In addition, it is worth noting that many areas on the periphery of Addis Ababa retain a very rural character, with agricultural land-use practices still predominating and only limited urban development. So it remains to be seen whether the classification as an extended metropolitan region or mega-city would be an accurate description, given many areas close to Addis could not really be considered as ‘metropolitan’ in the conventional sense.
The next reference in the report to Addis Ababa is regarding the city’s “urban greening strategies.” In this section it mentions the construction of the new light rail, the management of ecosystems that provide critical environmental goods and service to the city, and the establishment of green growth priorities. There isn’t enough detail to make any judgements on the information presented in this part of the report. But suffice to say these strategies are still yet to prove themselves as making a significant contribution to the environmental sustainability of the city.
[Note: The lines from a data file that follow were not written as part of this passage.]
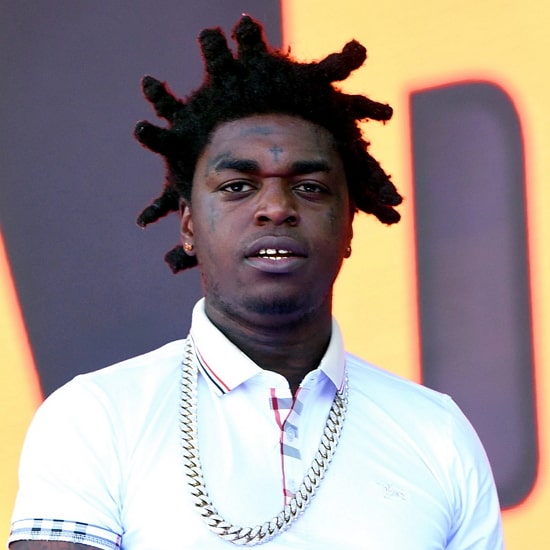 kodak black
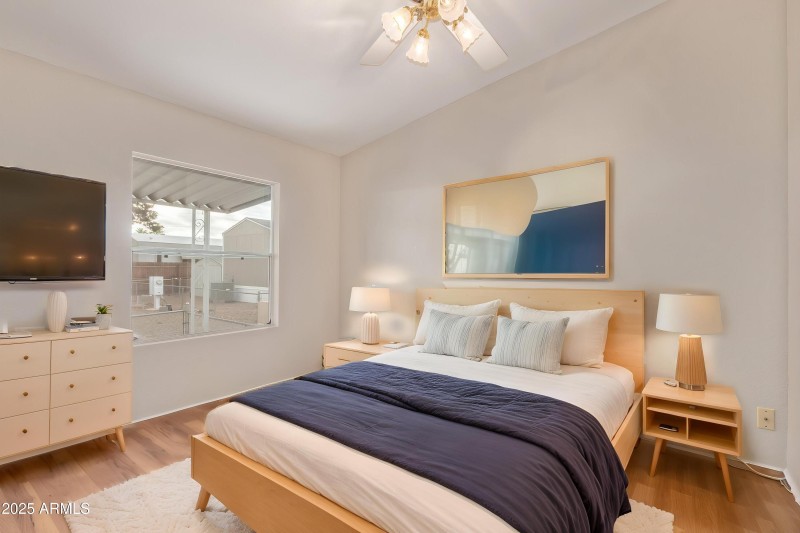 Second Bedroom (1)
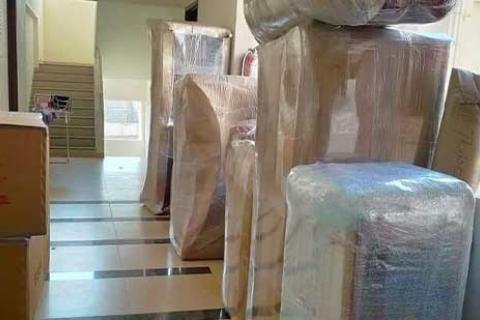 All India Packers Movers Packing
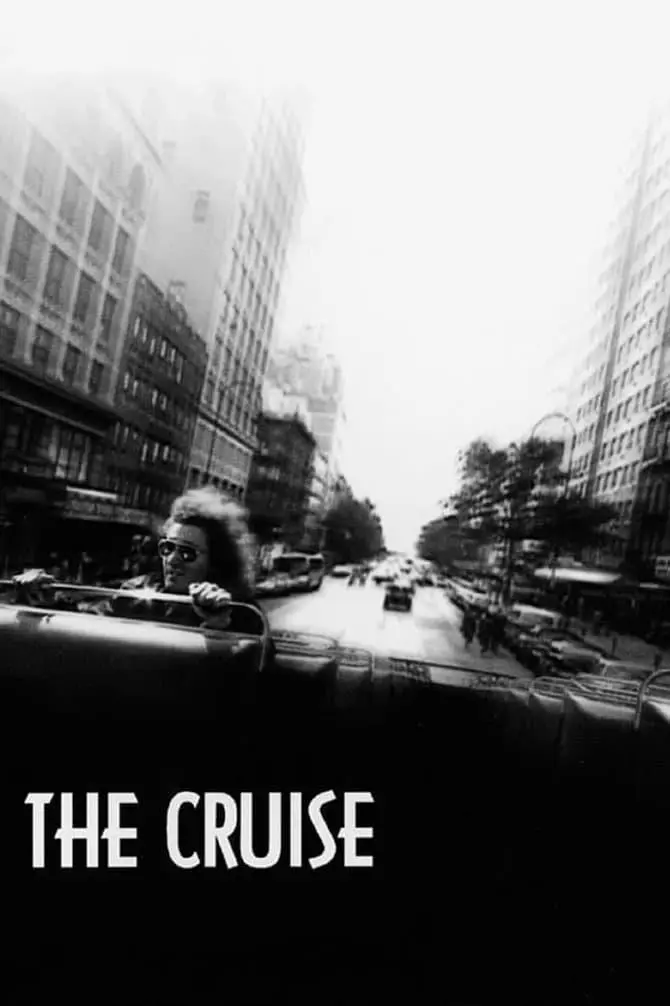 The Cruise_peliplat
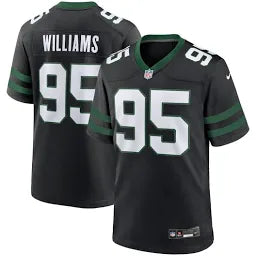 Quinnen Williams Jersey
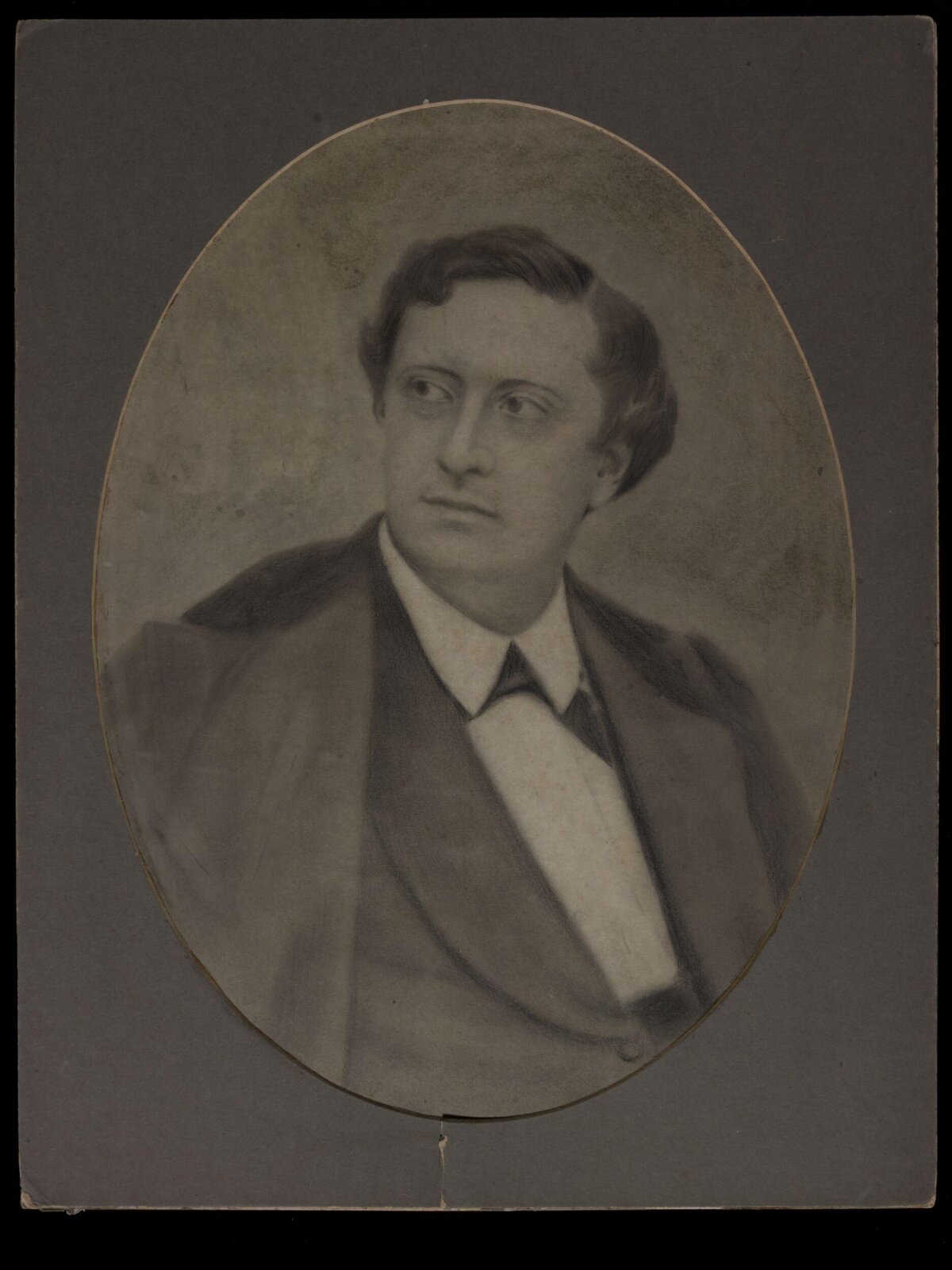 H Beard Print Collection, 19th century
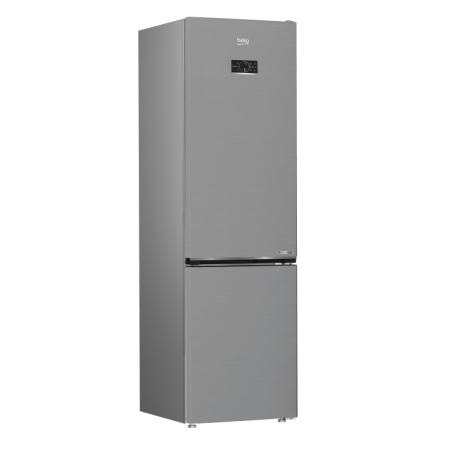 BEKO B5RCNE405LXP FRIGORIFERO COMBINATO 355 LT TOTAL NO FROST CLASSE D COLORE INOX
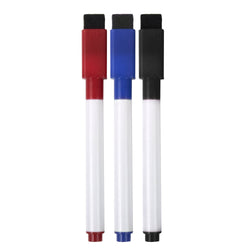 Wholesale Dry Erase Markers - 3 Pack - 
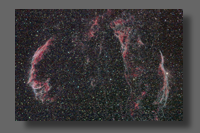 M20 - Trifid Nebula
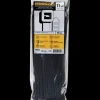 Panduit StrongHold Kabelbinder 4,8x300mm 100-pak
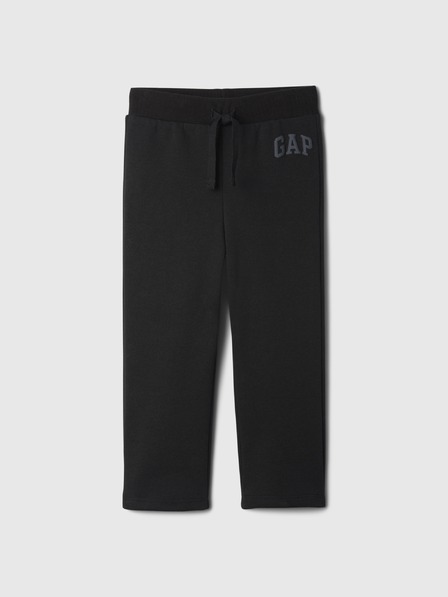 GAP Бебешко долнище с логото на GAP
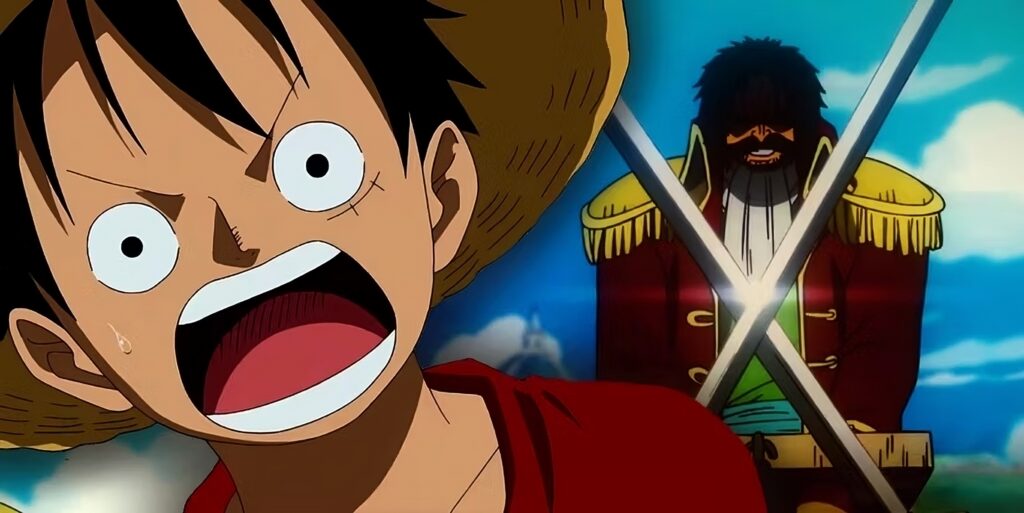 One Piece 1123: con le prossime rivelazioni sul tesoro, come cambierà il finale della storia?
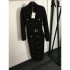 BALMAIN Balmain One Piece 2024FW Goes well and is definitely recommended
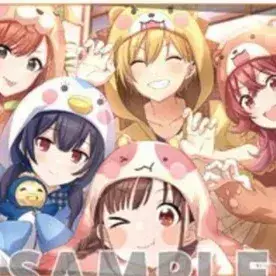 ScaredDrum9476의 Girls sleepover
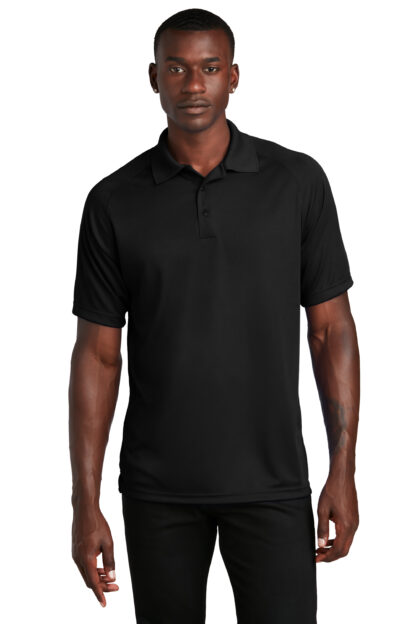 Sport-Tek® Dry Zone® Raglan Polo - Image 5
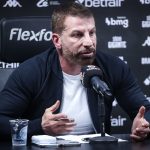 Pedrinho precisa decidir Novo técnico do Vasco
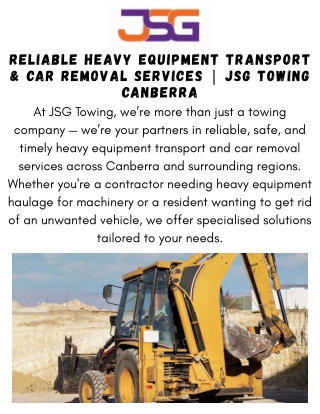 Scrap Car Removal Canberra.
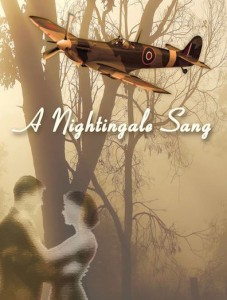 book---A-nightingale-sang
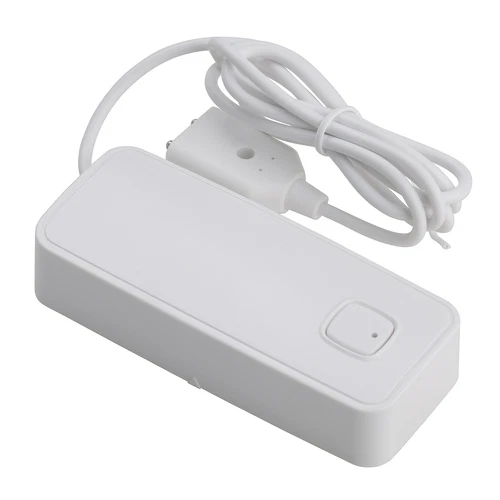 Wassersensor WLAN-Wassermelder App-Benachrichtigung WiFi Wasserleck Wasser-Alarm - Bild 14 von 14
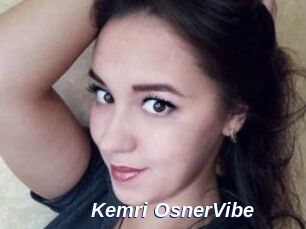 Kemri_OsnerVibe
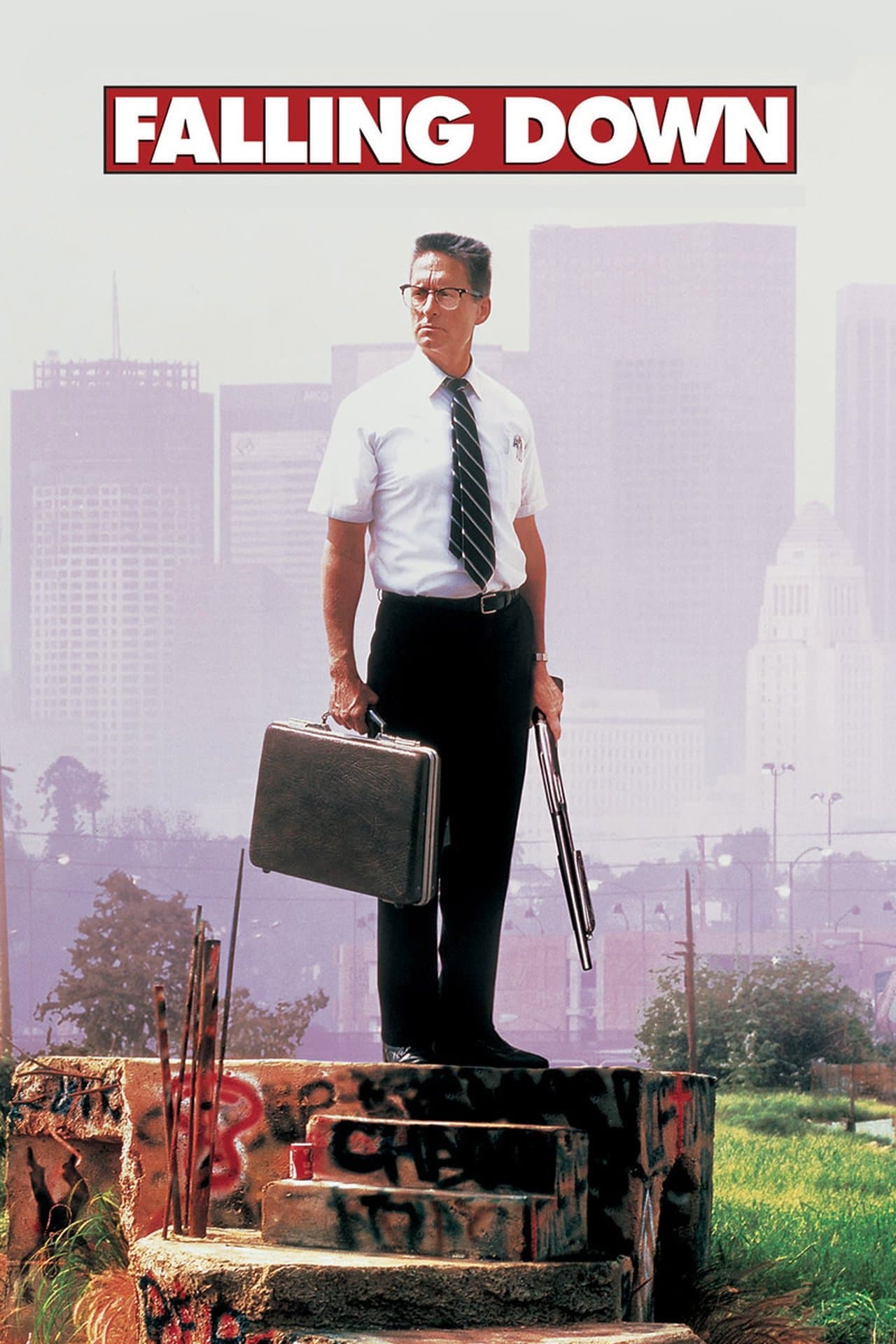 Falling Down preview 2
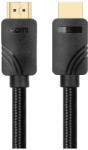 TB HDMI Premium Cable v 2.1 2m black created for gamers (AKTBXVH21PREM20)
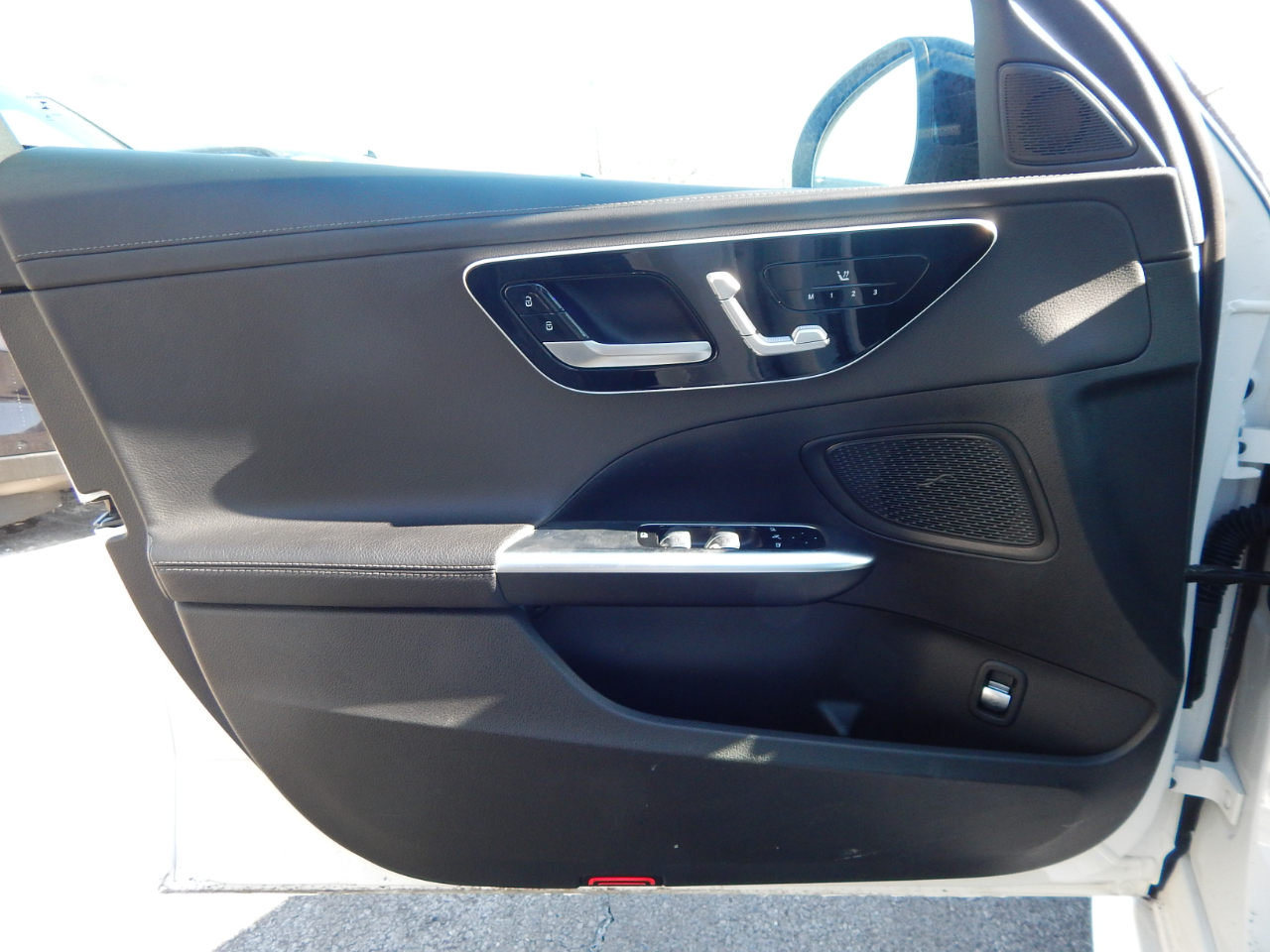 Mercedes-Benz C Class C300 4D Sedan 4Matic 2023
Population and Urbanisation rates in East Africa
According to the data contained in this section of the report, Addis Ababa is the third largest city in the region with a population of just under 3 million in 2011. Albeit is projected to have the slowest urban growth rate of the nine largest cities in East Africa from 2010 to 2020, reaching a population of 4.7 million by 2025. This seems at odds with the report’s earlier prediction about the Extended Metropolitan Region of Addis Ababa becoming a de facto mega-city, given that implies a population of over 10 million (unless they are expecting another 3-4 million people to be living in the urban corridors).
It is also worth highlighting that Ethiopia remains a predominantly rural population with only about 4% of the total population living in Addis Ababa itself. As such, there is the potential for the projected population growth rate of the city to increase dramatically, due to an influx of people from rural areas as a result of climate change or other factors that could trigger rural-urban migration. Therefore, the projected growth trends given in the report need to be taken with some caution.
Poverty and Inequality
In this section the report states that Addis Ababa had an unemployment rate of 31% in 2008 (presumably this refers to formal employment). The accuracy and usefulness of this statistics is questionable, given that the data is somewhat dated and the important role played by the informal sector in the city. I can’t help but wonder if this figure would be very different now due to all the urban development and construction activities occurring across the city, which is providing employment opportunities but also negatively affecting some small businesses. However, it is very difficult to assess these figures based on my experience alone.
The report states that Addis Ababa has the highest proportion and the highest absolute number of slum dwellers in the East Africa region. I certainly can’t dispute these figures as I have seen many of these so-called ‘informal settlements’ across all parts of the city. However, many of the houses in the informal settlements in Addis Ababa are made from traditional materials (mud, timber and straw). As a result, the character of informal settlements in Addis Ababa is somewhat unique compared to the other African cities I have visited, such as Nairobi, Durban, and Cape Town, where informal housing often consists of corrugated iron shacks or a combination of corrugated iron and concrete bricks.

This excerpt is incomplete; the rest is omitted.